◆ **REQUIREMENT**: Restate the whole listing below word for word and keep the images out.

◆ **GIVEN MATERIAL**:
******

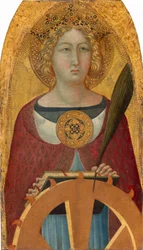 Santa Catalina de Alejandría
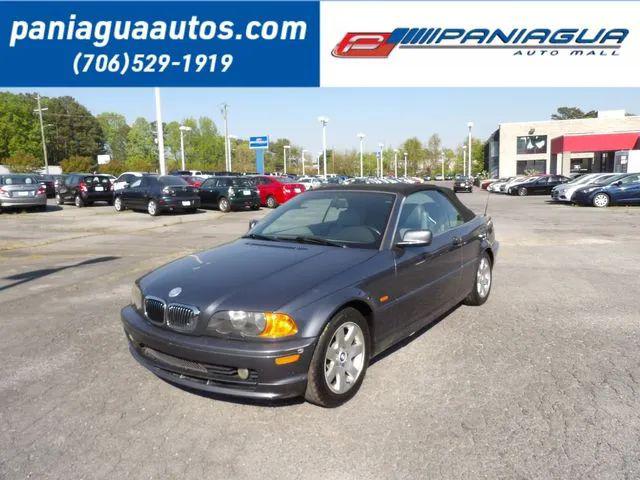 2001 BMW 325Ci 325Cic Convertible 2D for sale in Dalton, GA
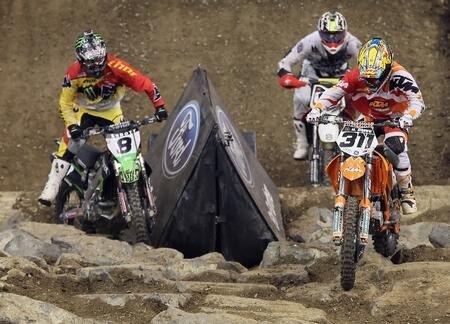 X Games 2012. A Mike Brown la finale Enduro X - VIDEO Highlights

******

◆ **RESPONSE AREA**:
 Santa Catalina de Alejandría
 2001 BMW 325Ci 325Cic Convertible 2D for sale in Dalton, GA
 X Games 2012. A Mike Brown la finale Enduro X - VIDEO Highlights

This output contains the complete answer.